◆ **PROMPT**
Would you reproduce the whole listing below without altering a single word?

____ EXERCISE INPUT

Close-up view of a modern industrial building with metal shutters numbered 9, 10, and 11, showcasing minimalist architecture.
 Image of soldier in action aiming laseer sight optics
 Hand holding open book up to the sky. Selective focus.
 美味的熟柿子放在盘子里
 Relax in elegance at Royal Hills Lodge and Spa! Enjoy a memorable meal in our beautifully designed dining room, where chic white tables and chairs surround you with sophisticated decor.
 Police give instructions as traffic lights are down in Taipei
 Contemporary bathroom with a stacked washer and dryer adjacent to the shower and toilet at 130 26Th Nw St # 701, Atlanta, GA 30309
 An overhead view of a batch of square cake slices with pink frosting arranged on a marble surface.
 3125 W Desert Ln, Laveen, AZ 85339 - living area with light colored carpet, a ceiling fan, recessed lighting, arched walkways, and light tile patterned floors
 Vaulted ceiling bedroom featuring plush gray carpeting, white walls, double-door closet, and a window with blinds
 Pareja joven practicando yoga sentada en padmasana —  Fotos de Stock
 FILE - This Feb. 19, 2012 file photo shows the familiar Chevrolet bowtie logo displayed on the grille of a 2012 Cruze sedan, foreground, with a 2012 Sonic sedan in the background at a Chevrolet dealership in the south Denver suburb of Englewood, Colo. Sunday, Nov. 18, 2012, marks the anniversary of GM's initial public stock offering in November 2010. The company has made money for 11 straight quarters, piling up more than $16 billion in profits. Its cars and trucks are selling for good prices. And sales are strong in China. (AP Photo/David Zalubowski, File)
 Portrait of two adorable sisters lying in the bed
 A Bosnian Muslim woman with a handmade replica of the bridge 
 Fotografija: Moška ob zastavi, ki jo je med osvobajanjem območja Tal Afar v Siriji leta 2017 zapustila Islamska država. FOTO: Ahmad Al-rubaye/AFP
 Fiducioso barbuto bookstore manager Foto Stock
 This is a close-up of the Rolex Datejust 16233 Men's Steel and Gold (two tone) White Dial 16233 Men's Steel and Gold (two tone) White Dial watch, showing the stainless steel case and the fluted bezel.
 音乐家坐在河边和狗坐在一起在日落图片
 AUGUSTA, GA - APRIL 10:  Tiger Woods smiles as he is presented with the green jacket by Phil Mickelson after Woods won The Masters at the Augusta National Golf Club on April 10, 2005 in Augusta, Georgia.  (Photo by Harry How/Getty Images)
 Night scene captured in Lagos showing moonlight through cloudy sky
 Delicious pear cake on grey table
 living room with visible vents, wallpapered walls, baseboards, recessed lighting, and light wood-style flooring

________

◆ **YOUR SOLUTION**
Close-up view of a modern industrial building with metal shutters numbered 9, 10, and 11, showcasing minimalist architecture.
 Image of soldier in action aiming laseer sight optics
 Hand holding open book up to the sky. Selective focus.
 美味的熟柿子放在盘子里
 Relax in elegance at Royal Hills Lodge and Spa! Enjoy a memorable meal in our beautifully designed dining room, where chic white tables and chairs surround you with sophisticated decor.
 Police give instructions as traffic lights are down in Taipei
 Contemporary bathroom with a stacked washer and dryer adjacent to the shower and toilet at 130 26Th Nw St # 701, Atlanta, GA 30309
 An overhead view of a batch of square cake slices with pink frosting arranged on a marble surface.
 3125 W Desert Ln, Laveen, AZ 85339 - living area with light colored carpet, a ceiling fan, recessed lighting, arched walkways, and light tile patterned floors
 Vaulted ceiling bedroom featuring plush gray carpeting, white walls, double-door closet, and a window with blinds
 Pareja joven practicando yoga sentada en padmasana —  Fotos de Stock
 FILE - This Feb. 19, 2012 file photo shows the familiar Chevrolet bowtie logo displayed on the grille of a 2012 Cruze sedan, foreground, with a 2012 Sonic sedan in the background at a Chevrolet dealership in the south Denver suburb of Englewood, Colo. Sunday, Nov. 18, 2012, marks the anniversary of GM's initial public stock offering in November 2010. The company has made money for 11 straight quarters, piling up more than $16 billion in profits. Its cars and trucks are selling for good prices. And sales are strong in China. (AP Photo/David Zalubowski, File)
 Portrait of two adorable sisters lying in the bed
 A Bosnian Muslim woman with a handmade replica of the bridge 
 Fotografija: Moška ob zastavi, ki jo je med osvobajanjem območja Tal Afar v Siriji leta 2017 zapustila Islamska država. FOTO: Ahmad Al-rubaye/AFP
 Fiducioso barbuto bookstore manager Foto Stock
 This is a close-up of the Rolex Datejust 16233 Men's Steel and Gold (two tone) White Dial 16233 Men's Steel and Gold (two tone) White Dial watch, showing the stainless steel case and the fluted bezel.
 音乐家坐在河边和狗坐在一起在日落图片
 AUGUSTA, GA - APRIL 10:  Tiger Woods smiles as he is presented with the green jacket by Phil Mickelson after Woods won The Masters at the Augusta National Golf Club on April 10, 2005 in Augusta, Georgia.  (Photo by Harry How/Getty Images)
 Night scene captured in Lagos showing moonlight through cloudy sky
 Delicious pear cake on grey table
 living room with visible vents, wallpapered walls, baseboards, recessed lighting, and light wood-style flooring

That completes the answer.